According to ScoMo , electric cars are for wimps and latte sippers – real Australians want more grunt. Oink oink, vroom vroom! Wheelies, doughnuts, burnouts!
Real Aussies drive utes, with a spare SUV to take the family camping at the weekend. Bill Shorten and his dinkies just don’t cut it – as Matthias Cormann might say, just a girly man. Revheads rule, OK?
Malcolm Turnbull tactfully described ScoMo’s rant as peak crazy, which it obviously was. But perhaps even worse, it was pig (grunt) ignorant.
Our prime minister apparently believes that electric vehicles are still in the most primitive stages of underdevelopment. But, as the model T Ford has evolved to the Toyota Hilux, electric cars have changed far more quickly, the surge driven by high end technology and insatiable demand.
Nowadays they can outpace Ferraris and pull heavy caravans, as can be seen in innumerable internet posts. And if the punters want utes, they will quickly be provided. Indeed, Toyota itself is in the process of transitioning its entire operation to electric by 2050.
The change is both swift and irrevocable; in much of Europe electric is rapidly becoming the preferred option and here in Australia, the government’s own projections expect somewhere between 26 and 50 per cent of new vehicles to be electric by 2030. Shorten’s target is at the top end, but is by no means fanciful.
It may well be that in rural and some regional areas there will be resistance, but far more than half the nation’s drivers live in the cities, for which electrics, quiet, pollution free and cheaper to run, are the ideal conditions.
Of course, our leader remains, as so often, in Luddite denial. He ridiculed Shorten’s claim that vehicles could recharge in about eight minutes, but not only is the technology already available, Morrison’s own government is funding the infrastructure to implement it.
Shorten wants to go to the next step – not only importing electric vehicles but manufacturing them in whole or in part, in Australia. This is a very big ask, given the demise of the highly subsidised motor industry in the past and economic purists will reject it the idea on the spot, but the displaced workers in Geelong, Elizabeth and Altona, among others, might be more enthusiastic.
However, that is for the future – the present is that electric vehicles are coming, ready or not. Obviously there will be problems and glitches along the way, but other countries are readily overcoming them – is ScoMo suggesting that Australia is unable to do so? Does he really want us to be stuck in the age of the gas guzzlers?

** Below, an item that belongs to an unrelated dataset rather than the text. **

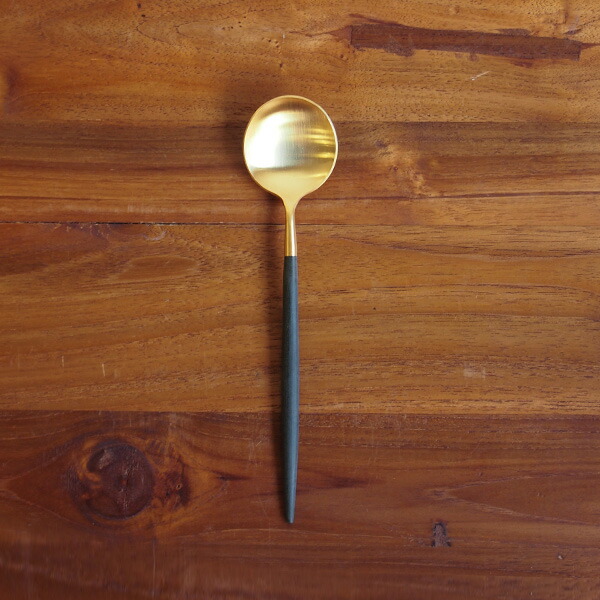 【正規品】クチポール　ゴア・ブラック　ゴールド　デザートスプーン　/　Cutipol　GOA-Black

Given his administration’s refusal to take science seriously when it comes to climate change, it is hardly surprising that he yearns for a past when things were so much less complicated. So perhaps he really yearns to go back to the simple times of the horse and buggy, and his vision is not for machines he cannot comprehend, but for the days when transport relies on flying pigs. Now there’s grunt for you.